Our "fetch" tool will do a recursive traversal of the tahoe directory space, starting with the ref, copying everything it walks into the local Git repo (with git hash-object -w --stdin), and pruning each time the child link points at something which already exists in our CHK->SHA1 cache. When it finishes the walk, it allows the normal "git fetch" to run against the local repo, where it ought to find everything it needs.

This would be pretty easy to describe, but is hard to implement, since our tool must understand the internal Git object format, as well as knowing the entire object graph. It is also maximally inefficient for uploaders: Tahoe's per-file overhead would be paid for every file and parent directory that was changed, as well as the commit itself. Making a single byte change to a 1MB file would cause a whole megabyte to be stored (and then downloaded on the other side), with no opportunity to take advantage of the similarity between revisions. It would also upload additional (smaller) files for the tree and the commit objects, tripling the number of Tahoe upload operations (which are not as fast as we'd like).

It's pretty good for downloaders who are grabbing single arbitrary revisions, or are limiting themselves to specific directories. These "browsing" clients can fetch exactly the commit and tree and blob they need, without pulling anything else out of the Tahoe store.

But it's bad for the main use-case: downloaders who already have some portion of the history (and just want to update to the current version), or who want to retrieve the whole history. These folks must fetch lots of nearly-identical blobs, with no deltas or compression to make things faster (a full MB per commit, in our TODO-list example).

One CHK Per Object, Git-style

Another variant is to store each blob/tree/commit object verbatim, in a CHK file, and then stash these filecaps in a shared object directory, named after their Git-side SHA1. This structure would look just like the .git/objects directory.
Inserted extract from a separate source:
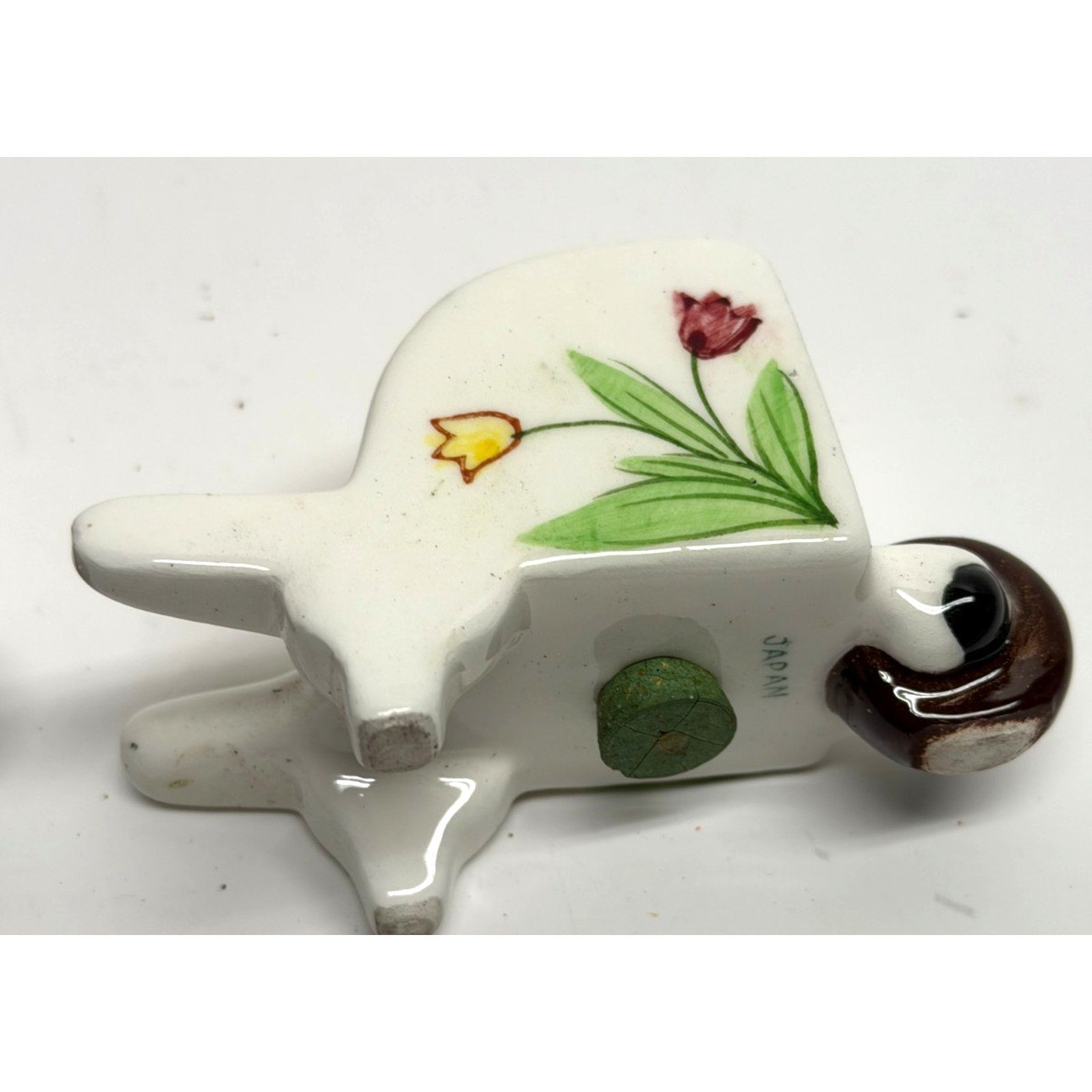 Vintage Porcelain Wheelbarrow Salt & Pepper Shakers Tulips Spring (Japan)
It means we can't use tahoe ls as a history-navigation tool, but that probably wasn't a big win anyways.

Fetch would do a traversal like above, except that the tool must parse the Git object to figure out what child objects are needed. Instead of a bi-directional translation function, we just need a unidirectional function that takes a Git object (as bytes) and returns a list of child objects that it references. The tool doesn't need to know what the relationship is (commit->commit, commit->tree, tree->tree, tree->blob). It just needs to know how to walk the graph so it can find all the nodes that must be downloaded from Tahoe and copied into the Git object store.

This approach has the same efficiency problems as above.

Just store .git in Tahoe

The simplest thing to implement would be to just store the whole .git directory in Tahoe. That would let us avoid parsing Git data structures at all.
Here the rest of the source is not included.